Output only the stretch of the listing that starts at the line containing "情侣 年轻情侣们同款服饰这样穿,利用色彩展现潮流范" and ends at the line containing "Italian vintage design", reproduced exactly with both ends.

+ + + + +

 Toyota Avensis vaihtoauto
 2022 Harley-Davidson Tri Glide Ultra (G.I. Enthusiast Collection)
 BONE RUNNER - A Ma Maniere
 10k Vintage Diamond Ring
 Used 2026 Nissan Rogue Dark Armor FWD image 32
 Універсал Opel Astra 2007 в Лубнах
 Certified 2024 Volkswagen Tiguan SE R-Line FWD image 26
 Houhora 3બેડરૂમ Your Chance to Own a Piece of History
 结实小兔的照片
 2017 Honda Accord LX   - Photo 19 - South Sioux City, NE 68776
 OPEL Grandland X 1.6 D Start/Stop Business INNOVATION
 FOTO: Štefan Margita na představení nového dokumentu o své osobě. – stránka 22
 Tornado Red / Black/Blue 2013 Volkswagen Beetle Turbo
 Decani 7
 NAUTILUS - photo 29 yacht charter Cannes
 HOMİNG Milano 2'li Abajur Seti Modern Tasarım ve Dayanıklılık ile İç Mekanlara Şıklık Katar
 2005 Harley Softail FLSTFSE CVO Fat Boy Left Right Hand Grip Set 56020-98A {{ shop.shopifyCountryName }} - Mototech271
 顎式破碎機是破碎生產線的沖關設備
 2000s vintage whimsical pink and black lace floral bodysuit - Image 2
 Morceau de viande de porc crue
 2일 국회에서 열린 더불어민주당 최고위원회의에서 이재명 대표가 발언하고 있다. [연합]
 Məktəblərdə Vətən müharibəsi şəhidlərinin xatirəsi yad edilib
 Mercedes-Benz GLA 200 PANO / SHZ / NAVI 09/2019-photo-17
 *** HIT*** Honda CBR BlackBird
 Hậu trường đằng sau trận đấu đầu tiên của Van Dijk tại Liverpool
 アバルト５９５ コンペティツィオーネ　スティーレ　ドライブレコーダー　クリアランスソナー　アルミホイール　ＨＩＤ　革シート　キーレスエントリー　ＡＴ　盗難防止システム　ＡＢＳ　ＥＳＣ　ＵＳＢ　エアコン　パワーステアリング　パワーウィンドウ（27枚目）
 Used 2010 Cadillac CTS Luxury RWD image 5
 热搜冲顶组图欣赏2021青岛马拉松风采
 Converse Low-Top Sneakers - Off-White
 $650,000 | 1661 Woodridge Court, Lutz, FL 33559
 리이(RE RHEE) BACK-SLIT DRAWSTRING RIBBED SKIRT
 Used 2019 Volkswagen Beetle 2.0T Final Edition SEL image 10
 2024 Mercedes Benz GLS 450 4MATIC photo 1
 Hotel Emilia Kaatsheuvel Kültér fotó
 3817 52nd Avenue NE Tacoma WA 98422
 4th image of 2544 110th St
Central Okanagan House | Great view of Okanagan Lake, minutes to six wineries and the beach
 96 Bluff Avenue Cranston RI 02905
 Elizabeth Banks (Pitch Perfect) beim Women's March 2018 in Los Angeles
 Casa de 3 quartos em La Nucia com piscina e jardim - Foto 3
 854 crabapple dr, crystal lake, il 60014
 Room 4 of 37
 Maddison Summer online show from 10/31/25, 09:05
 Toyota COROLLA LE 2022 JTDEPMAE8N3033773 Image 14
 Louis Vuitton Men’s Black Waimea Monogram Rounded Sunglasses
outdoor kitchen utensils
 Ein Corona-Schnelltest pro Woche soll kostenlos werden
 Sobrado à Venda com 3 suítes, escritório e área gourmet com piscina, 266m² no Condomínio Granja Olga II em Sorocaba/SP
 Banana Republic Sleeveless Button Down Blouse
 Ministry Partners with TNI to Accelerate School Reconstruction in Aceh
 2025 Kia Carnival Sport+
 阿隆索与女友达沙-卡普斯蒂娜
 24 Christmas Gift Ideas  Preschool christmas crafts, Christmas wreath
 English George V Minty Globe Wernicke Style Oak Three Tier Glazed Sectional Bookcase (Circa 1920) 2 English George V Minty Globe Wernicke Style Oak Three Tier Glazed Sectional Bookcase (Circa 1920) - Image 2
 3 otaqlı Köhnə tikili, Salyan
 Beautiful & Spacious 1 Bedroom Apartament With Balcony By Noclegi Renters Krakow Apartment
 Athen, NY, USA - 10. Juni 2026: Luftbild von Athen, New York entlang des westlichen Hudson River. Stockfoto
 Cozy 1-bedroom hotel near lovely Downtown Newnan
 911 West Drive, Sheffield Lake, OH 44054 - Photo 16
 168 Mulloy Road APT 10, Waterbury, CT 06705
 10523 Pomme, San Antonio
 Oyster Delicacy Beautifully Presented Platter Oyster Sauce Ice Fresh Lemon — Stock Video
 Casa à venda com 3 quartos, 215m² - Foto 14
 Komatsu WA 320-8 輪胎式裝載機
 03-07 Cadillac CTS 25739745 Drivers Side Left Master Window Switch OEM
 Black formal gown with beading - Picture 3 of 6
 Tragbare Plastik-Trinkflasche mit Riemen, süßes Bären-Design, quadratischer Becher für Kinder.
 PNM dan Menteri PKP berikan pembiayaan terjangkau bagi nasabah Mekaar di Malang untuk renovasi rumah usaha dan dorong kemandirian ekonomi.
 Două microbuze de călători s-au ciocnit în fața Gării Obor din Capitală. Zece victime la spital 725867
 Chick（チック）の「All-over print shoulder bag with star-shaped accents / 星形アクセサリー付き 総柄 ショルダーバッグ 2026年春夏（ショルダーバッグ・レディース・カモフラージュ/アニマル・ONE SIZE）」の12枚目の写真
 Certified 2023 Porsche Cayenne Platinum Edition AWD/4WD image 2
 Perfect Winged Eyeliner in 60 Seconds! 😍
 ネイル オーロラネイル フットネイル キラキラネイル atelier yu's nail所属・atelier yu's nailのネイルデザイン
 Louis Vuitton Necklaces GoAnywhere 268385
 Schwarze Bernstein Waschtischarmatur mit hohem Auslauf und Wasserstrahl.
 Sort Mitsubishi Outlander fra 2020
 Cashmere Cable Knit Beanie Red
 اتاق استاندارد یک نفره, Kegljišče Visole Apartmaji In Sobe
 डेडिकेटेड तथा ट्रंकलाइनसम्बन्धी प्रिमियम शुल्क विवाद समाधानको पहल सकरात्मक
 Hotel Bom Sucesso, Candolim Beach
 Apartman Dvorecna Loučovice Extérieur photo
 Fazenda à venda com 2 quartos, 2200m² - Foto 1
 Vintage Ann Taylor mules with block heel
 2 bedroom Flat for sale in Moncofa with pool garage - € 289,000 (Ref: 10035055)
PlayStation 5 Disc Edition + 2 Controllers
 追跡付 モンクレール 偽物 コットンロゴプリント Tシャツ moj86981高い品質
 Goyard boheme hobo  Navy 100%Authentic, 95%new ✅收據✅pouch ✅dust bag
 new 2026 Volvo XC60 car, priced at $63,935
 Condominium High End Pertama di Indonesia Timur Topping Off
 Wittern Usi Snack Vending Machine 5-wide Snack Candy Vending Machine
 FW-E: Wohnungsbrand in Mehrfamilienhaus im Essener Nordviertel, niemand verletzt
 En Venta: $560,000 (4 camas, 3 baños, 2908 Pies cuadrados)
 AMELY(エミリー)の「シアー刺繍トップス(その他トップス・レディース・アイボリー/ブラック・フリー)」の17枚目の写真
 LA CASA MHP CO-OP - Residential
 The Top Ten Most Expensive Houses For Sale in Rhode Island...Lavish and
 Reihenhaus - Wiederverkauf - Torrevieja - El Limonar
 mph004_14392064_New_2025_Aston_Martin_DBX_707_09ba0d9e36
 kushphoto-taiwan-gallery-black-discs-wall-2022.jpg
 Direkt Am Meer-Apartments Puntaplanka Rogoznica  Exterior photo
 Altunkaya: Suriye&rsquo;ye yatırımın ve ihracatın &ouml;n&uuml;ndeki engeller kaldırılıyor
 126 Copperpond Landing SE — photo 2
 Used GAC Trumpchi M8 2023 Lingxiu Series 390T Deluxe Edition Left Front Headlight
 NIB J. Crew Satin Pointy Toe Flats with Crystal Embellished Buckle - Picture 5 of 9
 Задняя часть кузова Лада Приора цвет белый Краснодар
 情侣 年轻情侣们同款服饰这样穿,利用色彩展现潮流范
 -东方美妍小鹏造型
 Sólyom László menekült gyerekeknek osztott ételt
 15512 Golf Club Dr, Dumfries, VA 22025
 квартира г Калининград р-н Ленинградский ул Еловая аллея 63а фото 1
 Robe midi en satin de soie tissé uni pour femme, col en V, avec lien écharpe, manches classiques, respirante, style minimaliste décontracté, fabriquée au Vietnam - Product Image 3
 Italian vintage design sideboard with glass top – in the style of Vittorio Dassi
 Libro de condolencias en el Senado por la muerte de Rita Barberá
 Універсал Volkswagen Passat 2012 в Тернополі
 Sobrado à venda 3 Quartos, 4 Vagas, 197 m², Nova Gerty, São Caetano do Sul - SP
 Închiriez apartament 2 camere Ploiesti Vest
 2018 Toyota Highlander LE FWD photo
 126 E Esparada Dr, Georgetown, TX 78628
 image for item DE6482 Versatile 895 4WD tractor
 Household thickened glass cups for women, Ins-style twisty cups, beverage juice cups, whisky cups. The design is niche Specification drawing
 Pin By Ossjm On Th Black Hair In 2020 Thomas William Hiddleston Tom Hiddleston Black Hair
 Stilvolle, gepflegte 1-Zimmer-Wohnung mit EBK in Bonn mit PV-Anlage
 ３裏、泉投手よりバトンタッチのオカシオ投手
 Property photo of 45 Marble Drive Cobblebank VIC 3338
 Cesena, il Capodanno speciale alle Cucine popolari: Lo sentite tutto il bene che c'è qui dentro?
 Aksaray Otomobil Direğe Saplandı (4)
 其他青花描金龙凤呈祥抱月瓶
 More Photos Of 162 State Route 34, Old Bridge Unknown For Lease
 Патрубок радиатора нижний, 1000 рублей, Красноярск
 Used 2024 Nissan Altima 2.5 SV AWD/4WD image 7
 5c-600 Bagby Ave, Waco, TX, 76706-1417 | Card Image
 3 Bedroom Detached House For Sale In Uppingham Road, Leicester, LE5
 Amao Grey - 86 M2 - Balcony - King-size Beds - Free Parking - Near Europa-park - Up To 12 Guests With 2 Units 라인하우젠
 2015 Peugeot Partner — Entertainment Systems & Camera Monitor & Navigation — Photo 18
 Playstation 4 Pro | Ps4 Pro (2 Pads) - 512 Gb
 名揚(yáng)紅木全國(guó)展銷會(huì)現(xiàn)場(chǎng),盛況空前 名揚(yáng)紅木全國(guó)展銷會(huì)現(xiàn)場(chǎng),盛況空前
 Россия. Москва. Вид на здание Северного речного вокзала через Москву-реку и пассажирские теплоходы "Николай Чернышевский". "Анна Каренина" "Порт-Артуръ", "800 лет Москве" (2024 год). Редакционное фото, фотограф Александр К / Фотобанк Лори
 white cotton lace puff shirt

+ + + + +

• **Your solution**:
 情侣 年轻情侣们同款服饰这样穿,利用色彩展现潮流范
 -东方美妍小鹏造型
 Sólyom László menekült gyerekeknek osztott ételt
 15512 Golf Club Dr, Dumfries, VA 22025
 квартира г Калининград р-н Ленинградский ул Еловая аллея 63а фото 1
 Robe midi en satin de soie tissé uni pour femme, col en V, avec lien écharpe, manches classiques, respirante, style minimaliste décontracté, fabriquée au Vietnam - Product Image 3
 Italian vintage design sideboard with glass top – in the style of Vittorio Dassi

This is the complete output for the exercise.